On the US- Islamic world relations, the Emir said : “The dialogue between the two parties on democracy needs to be an issue of agreement and not contention, an issue that binds and not disunites, specially when in a number of experiences of democratic transformation in our Islamic world, from Afghanistan to Palestine and Iraq, the sound of weapons got mixed with the votes of electors in varying degrees to the extent of leaving a gap in assessments not only between the American and Islamic sides but also within each one of them, regarding the ideal way the outside world could help in democracy building.”
He noted that if there was a minority within the Islamic world who would like to urge the outside world to put strong pressure for democracy, there were others who were averse to such pressures but yet wanted democracy without any external influence.
“When the Islamic world sees the American attention to democracy after being affected by the September 11 events, it wonders in some of its parts whether this interest is an expression of a stance by an administration or whether it embodies complete change in the position of a state. Perhaps this is the question why the reform efforts in those parts of the Islamic world are still slack, and had to start after September 11, and are still betting on the time factor, and that some slight changes could do for the time being,” the Emir said.
“This requires of the USA and the Islamic countries to arrive through dialogue at a point of transparency where any obscurity is clarified regarding the future of an unprecedented experience for political transformation that has begun and must be completed, so that the Muslim peoples, who are the prime persons concerned with reform can be assured that their hopes will not be betrayed due to changes that might take place in the balance of interests, and that their wide expectations can no longer be rewarded with some limited cosmetic changes,” he added.
The Emir noted that there was another vital issue that needed to be addressed, that would produce significantly improve relations between the two sides. “An observer of the Islamic world, in heart or peripheries, can see burning hotbeds of tension and acute problems that affect the national security and territorial integrity of a number of its countries, the regional and international complications of which have often gone beyond those narrow boundaries where those problems started.

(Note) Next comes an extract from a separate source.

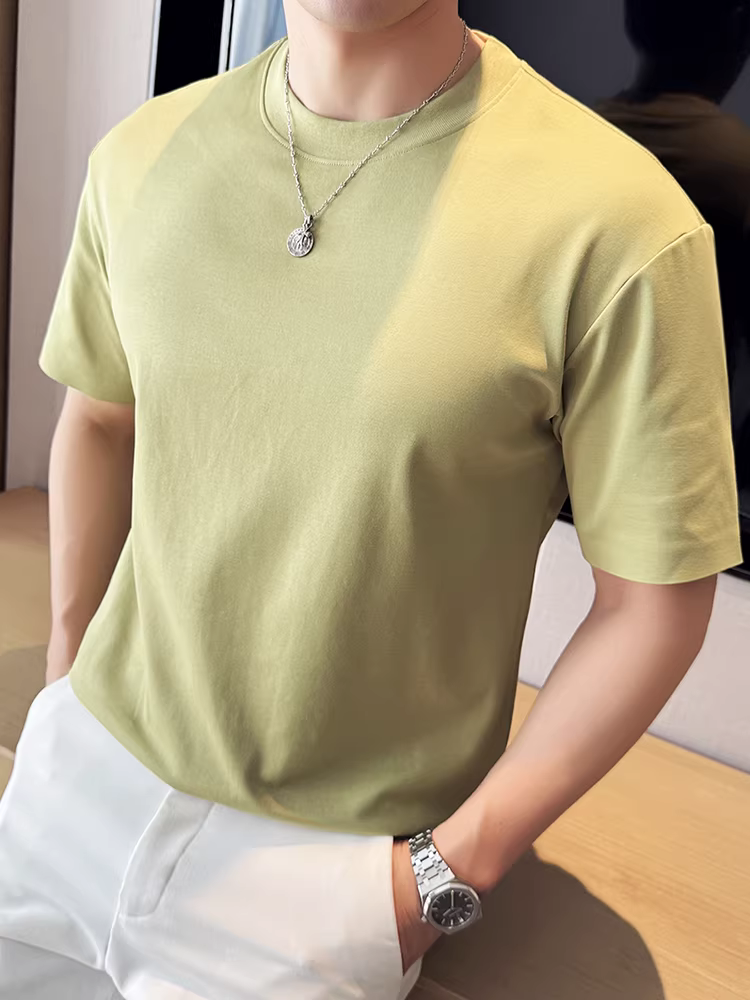 Áo thun nam chất lượng cao, chất liệu cotton mềm mại, in hình hai mặt, không đường may, màu trơn, cổ tròn, dáng hơi rộng, thích hợp cho mùa hè.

“The stability and prosperity of the Islamic world, which constitutes a huge block of land where about 27 per cent of the world’s population lives, and which has abundant resources, must mean a lot to the world. That is why I think that part of the American Islamic dialogue must be directed to find means of easing the tension in those hotbeds and helping Muslim countries, the preservation of whose national integration represents a cornerstone in regional stability in more than one place, especially since the USA had in the last few years, either entered or got near to the core of the most complicated developments in them,” he said.